→ **Your assignment**:
Repeat the listing that follows, character for character, minus the pictures.

→ **Recorded data**:
Segment Open

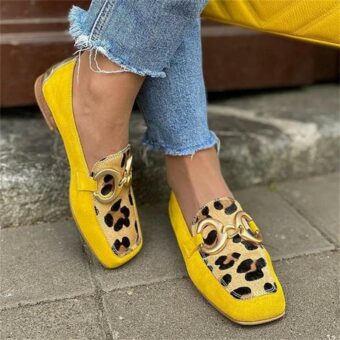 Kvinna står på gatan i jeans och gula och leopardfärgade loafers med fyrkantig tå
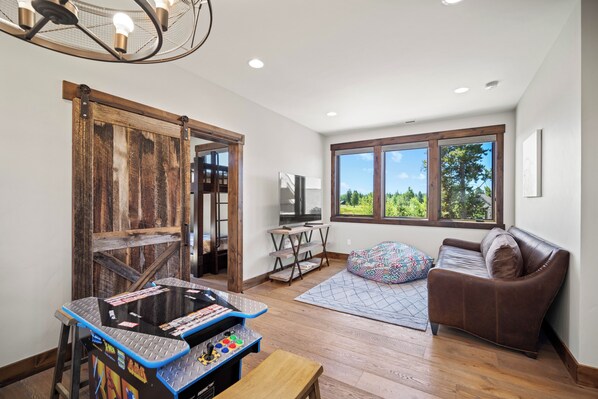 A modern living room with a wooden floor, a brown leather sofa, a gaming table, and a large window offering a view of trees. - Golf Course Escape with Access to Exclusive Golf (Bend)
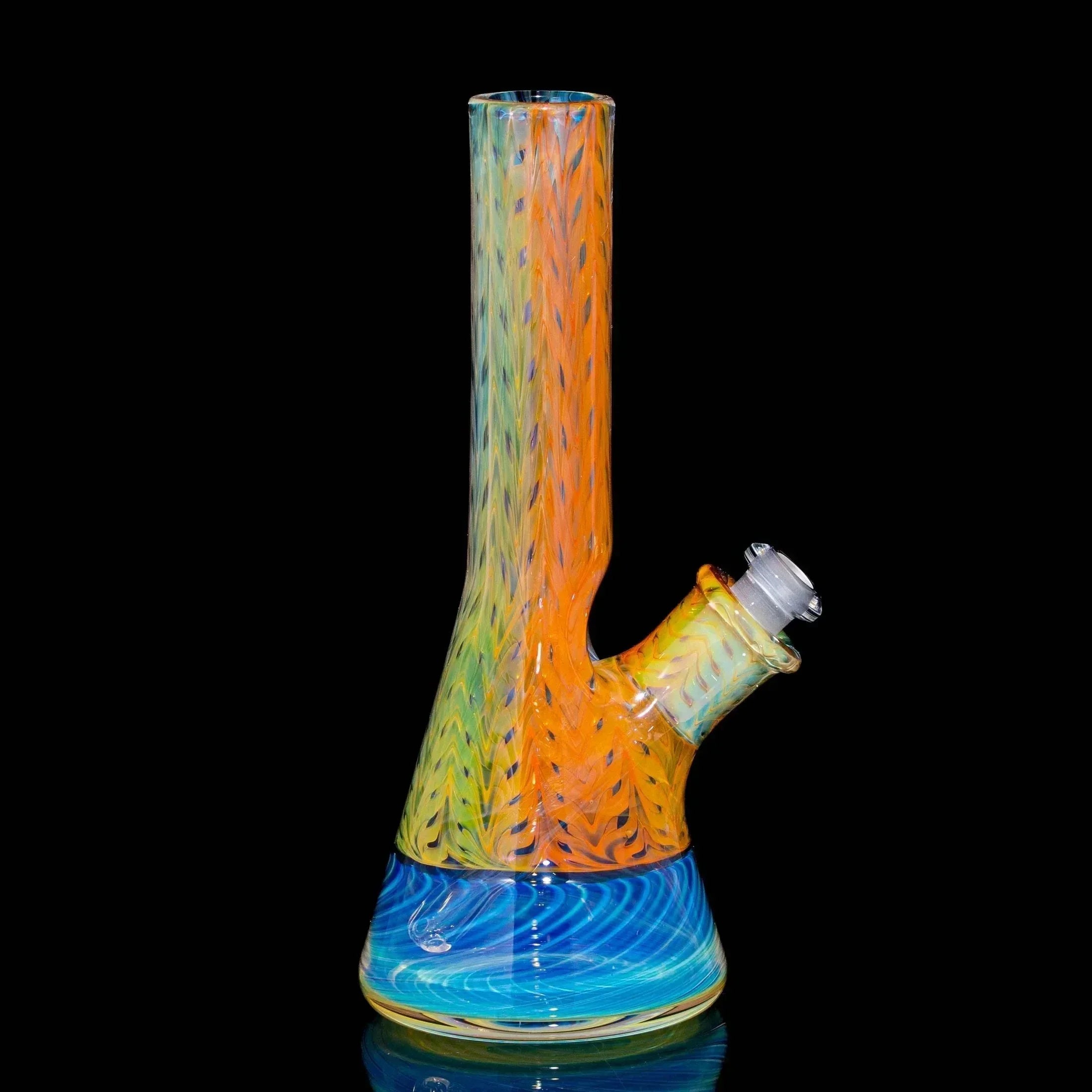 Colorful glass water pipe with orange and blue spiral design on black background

Segment Closed

→ **Reply**:
 Kvinna står på gatan i jeans och gula och leopardfärgade loafers med fyrkantig tå
 A modern living room with a wooden floor, a brown leather sofa, a gaming table, and a large window offering a view of trees. - Golf Course Escape with Access to Exclusive Golf (Bend)
 Colorful glass water pipe with orange and blue spiral design on black background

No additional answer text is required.